Sounds like this school is "troubled" in more ways than one:
A student at the troubled Wilmer-Hutchins school district says his teacher helped him with answers on the Texas Assessment of Knowledge and Skills standardized test last year.
"The teacher would walk around the class during the test and be like, 'Hey, that's wrong,"' James Wright, now a 12-year-old sixth-grader at Kennedy-Curry Middle School, told The Dallas Morning News for its Sunday editions. "You'd go through the answers and you'd say, 'Is this the right one?' They'd say 'nope.' And you'd say, 'Is this the right one?' And they'd say 'nope' until you got the right one. Then they'd say 'Yeah' and nod their head."
Sounds like someone needs to say to this teacher, "Hey, that's wrong."
An analysis by the newspaper first raised suspicions that cheating took place on the TAKS tests in the district. It found that despite a history of poor academic performance, one elementary school in the district posted the state's highest scores on the third grade reading TAKS test last year.
The district has been investigated in recent months by the Texas Rangers, two grand juries, the FBI and others on alleged misappropriation of funds and other accusations.
The Texas Rangers got involved? Whooo, that's heavy. And good for the newspaper for poking around in the data.

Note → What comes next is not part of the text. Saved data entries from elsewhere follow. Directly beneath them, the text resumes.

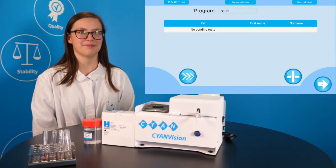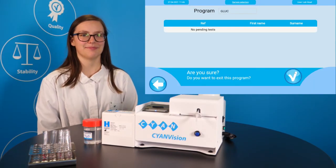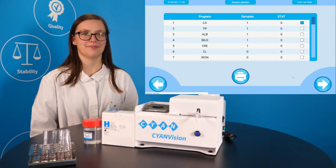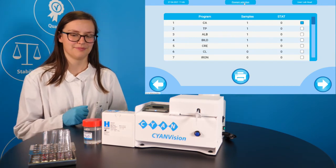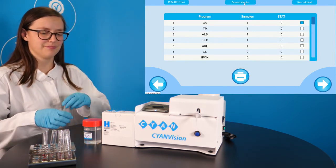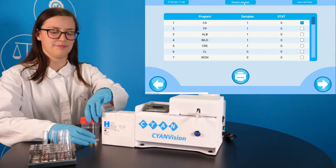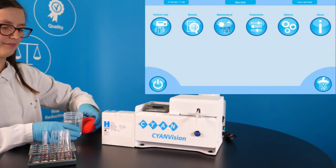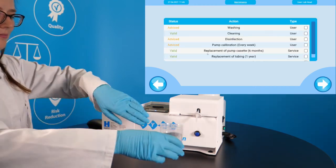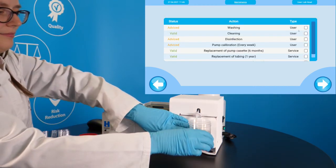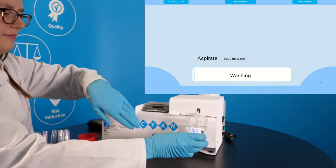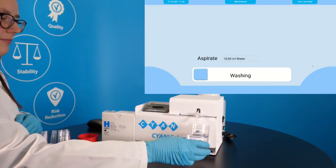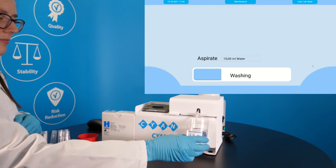After finishing all glucose tests, we would like to proceed with the next analyte. Before starting with the next method, it is good practice to wash the hydraulic system to avoid any cross contamination. You can do so in the maintenance overview menu.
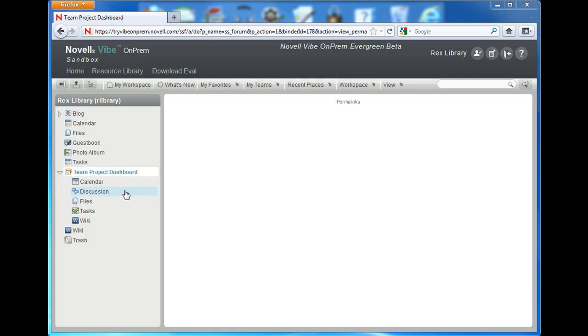Hi, welcome back. This video will continue our work with landing pages, specifically how to display folder contents from a landing page.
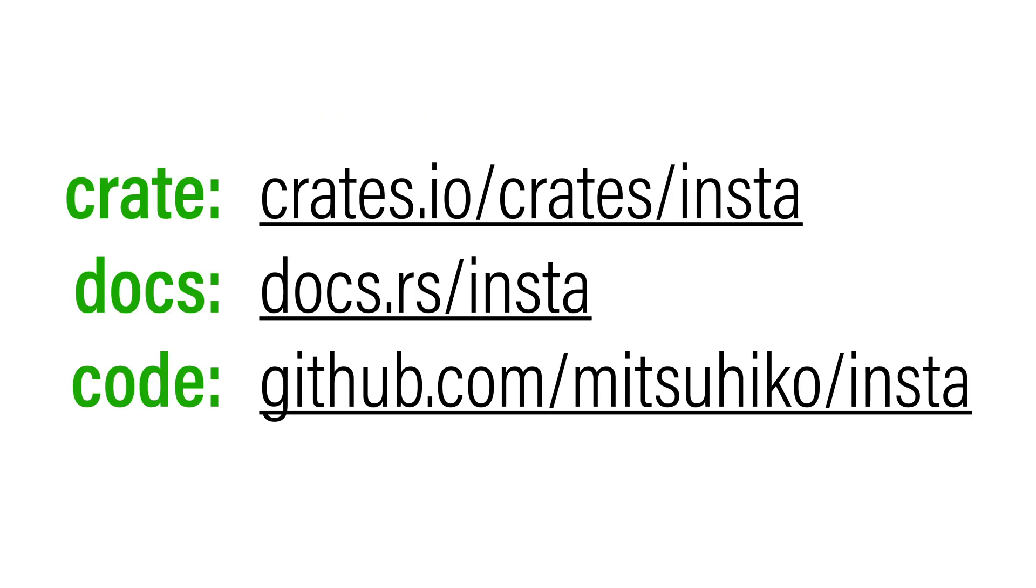And this is a basic introduction to Insta snapshot testing. If you're curious, you can download the crate on crates.io. There's documentation available and the code is on GitHub. If you want to use the Cargo Insta tool that was used here, you can also directly install it with Cargo install Cargo Insta, and it's going to give you an improved test experience.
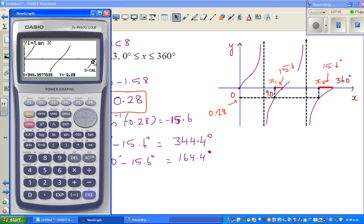So 344.4 degrees is the same as minus 15.6 degrees going anti-clockwise. Going from 0 to 360 is called a positive angle, while going backwards gives a negative angle. Hopefully this video has been helpful — see you in the next video.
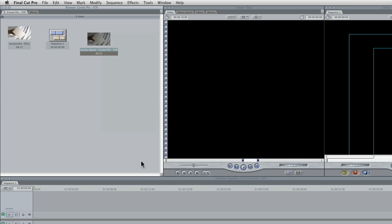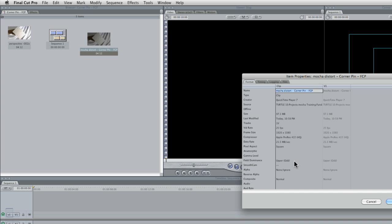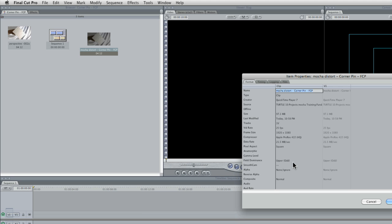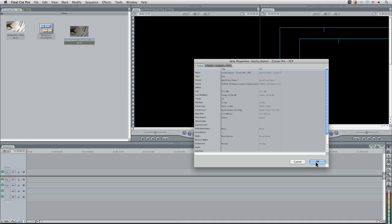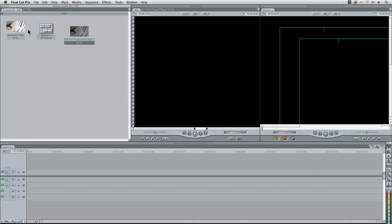Another thing to look out for in the item properties here if I just right click bring the item properties up, if you are using 1080p footage Final Cut Pro 7 does have a lovely habit of misinterpreting the field dominance here. So I'm just going to right click change that to none. Hit okay.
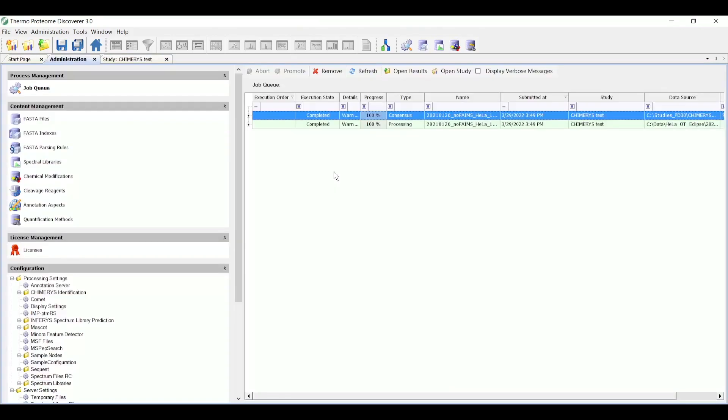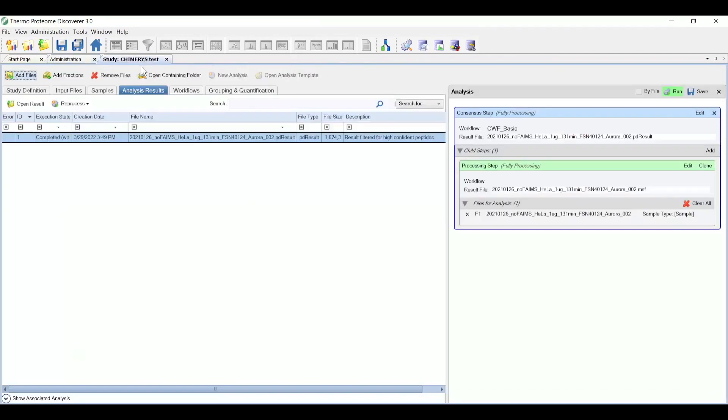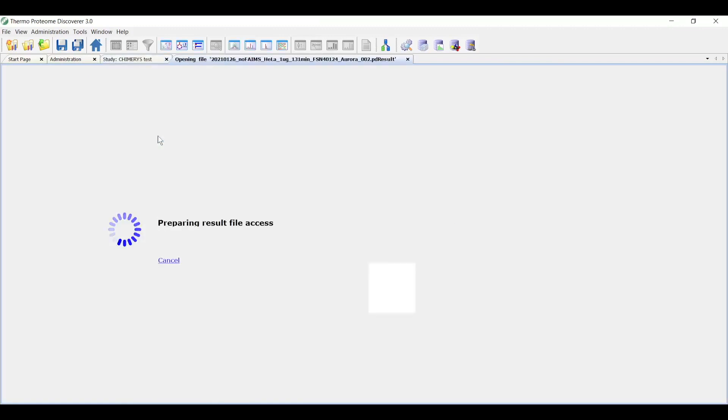Here I'm showing the run queue after both the processing and consensus workflows have finished. I can either open up the result file by double-clicking or clicking the consensus workflow, clicking open results, or I can go back to the study, look at the analysis results tab, and double-click the results from there.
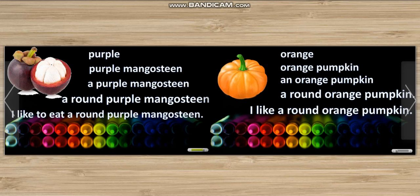Orange. Orange pumpkin. An orange pumpkin. A round orange pumpkin. I like a round orange pumpkin.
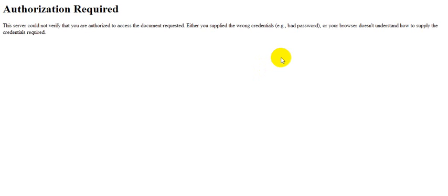Today we are going to use .htpasswd to protect web pages from unauthorized users. This also helps us to provide a professional look for new pages on the website, so that only authorized users can access those pages.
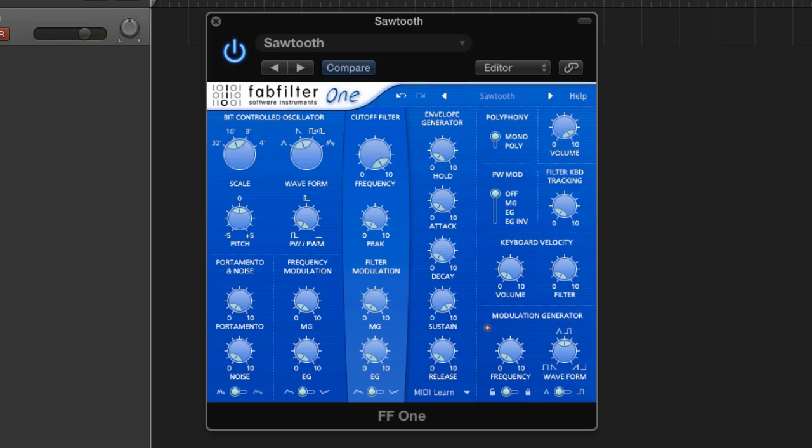Now I searched high and low for an affordable, really simple synth to do these tutorials in, and I came up with the FabFilter One. And it's 39 quid, runs in pretty much any format, and it's got about 15 to 20 controls. So it's about as simple as it gets.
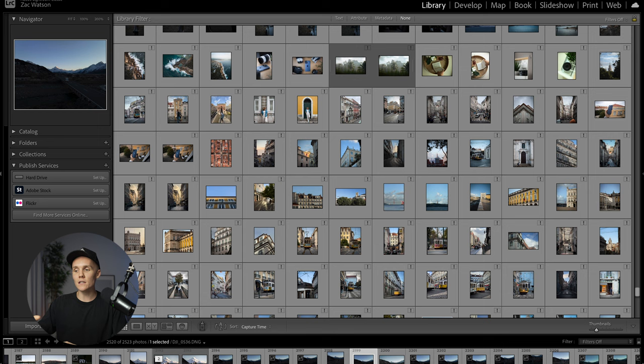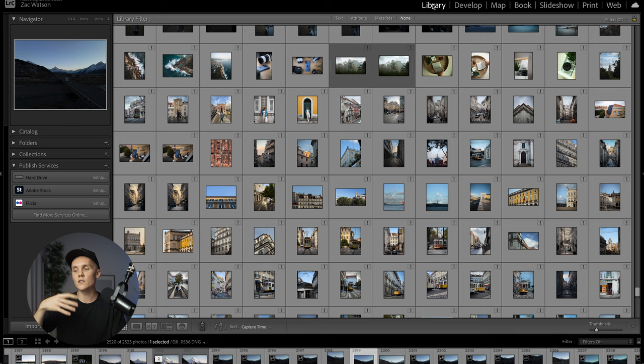Here we are inside Lightroom Classic. Chances are yours isn't going to look like this because you may or may not have photos in there. This is the library section — if you open up Lightroom it'll look something like this. Up the top we've got Library and Develop tabs. These are the main two things you want to focus on, especially in the beginning.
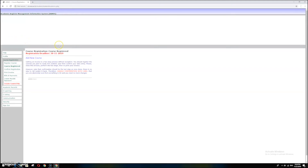Now we are going to course registration. Just click 'Course Registration.' At first you will have no courses that have been registered, so you just need to add them one by one. Add the courses that you are going to study in the new academic year by clicking 'Add New Course.'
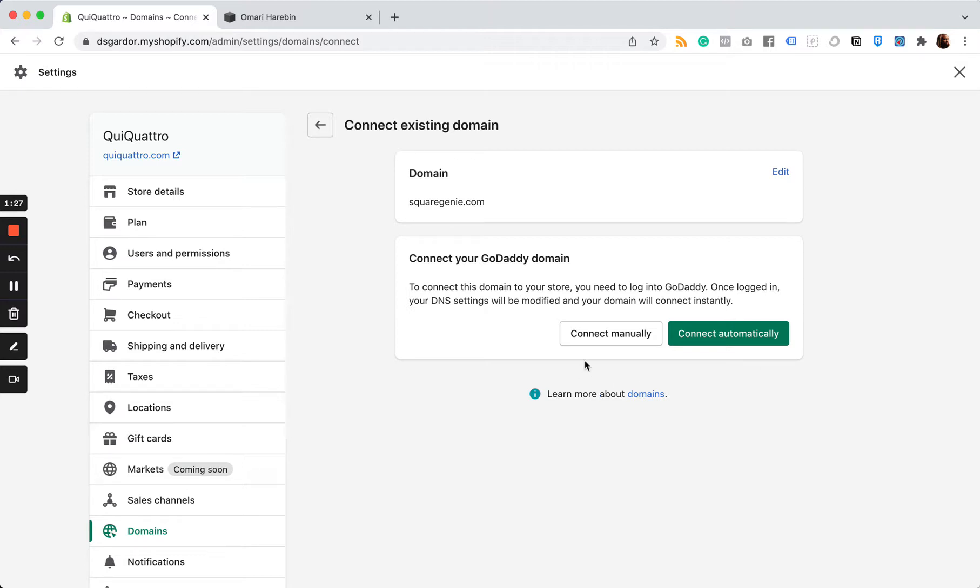Or I can connect manually. If this was a Namecheap domain, I would have to connect it manually. And in that case, I would have to go to my DNS settings and change the A record and CNAME record. And I'll also have to delete the existing A name record and the existing CNAME record.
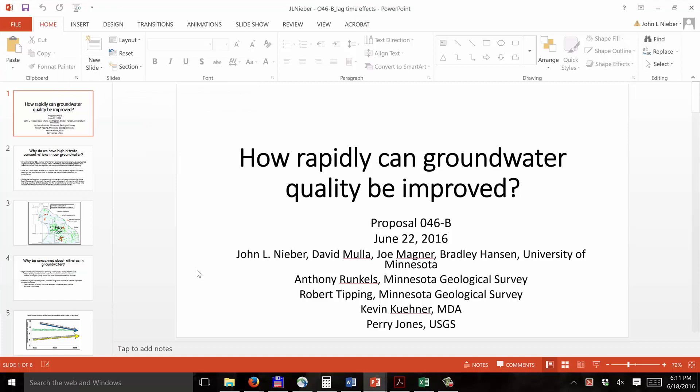This presentation is about our proposal on how rapidly can groundwater quality be improved — Proposal 046-B. The project team includes myself, John Niebuhr, David Muller, Joe Magner, Bradley Hansen, all from the University of Minnesota; Anthony Runkels and Robert Tipping from the Minnesota Geological Survey; Kevin Keener from the Minnesota Department of Agriculture; and Perry Jones from the USGS. Today, Heidi Peterson from the MDA is here standing in for Kevin Keener.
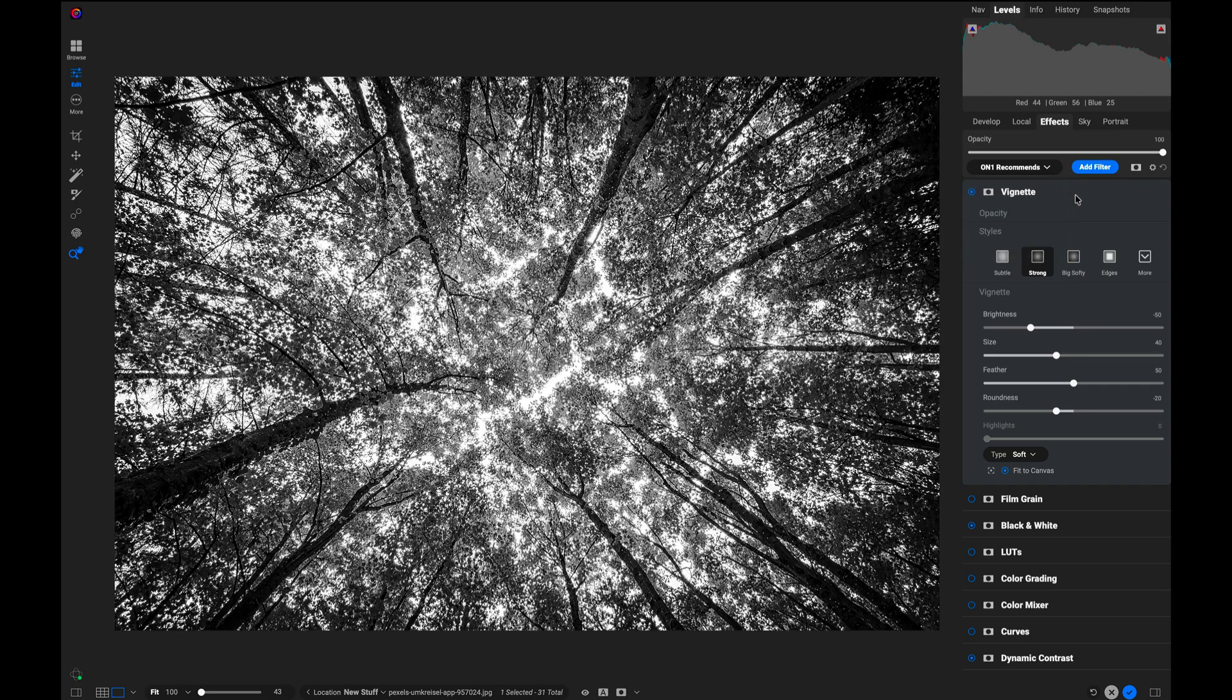All right, there you go. That's how you can use starting points inside of effects. Thanks for watching.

Damm said he has told district principals that if any of them knowingly allowed cheating at their schools, they will treated as if they did the cheating themselves. Falsifying testing documents is a third-degree felony punishable by up to 10 years in prison...
The newspaper did not find evidence of cheating on other tests in other grades at the school. Another school in the district, Alta Mesa Elementary, scored highly in all grades and on all tests. Some students said cheating was widespread.
"When the test started, some people didn't know the answers, so they'd raise their hand and the teacher would come up to them. The teacher read the question and then gave us the answer," said Guyler Easter, who attended Alta Mesa in the fifth grade and is now a seventh-grader at Kennedy-Curry Middle in Wilmer-Hutchins.
If it's that widespread, maybe it is a job for the good guys in the white hats.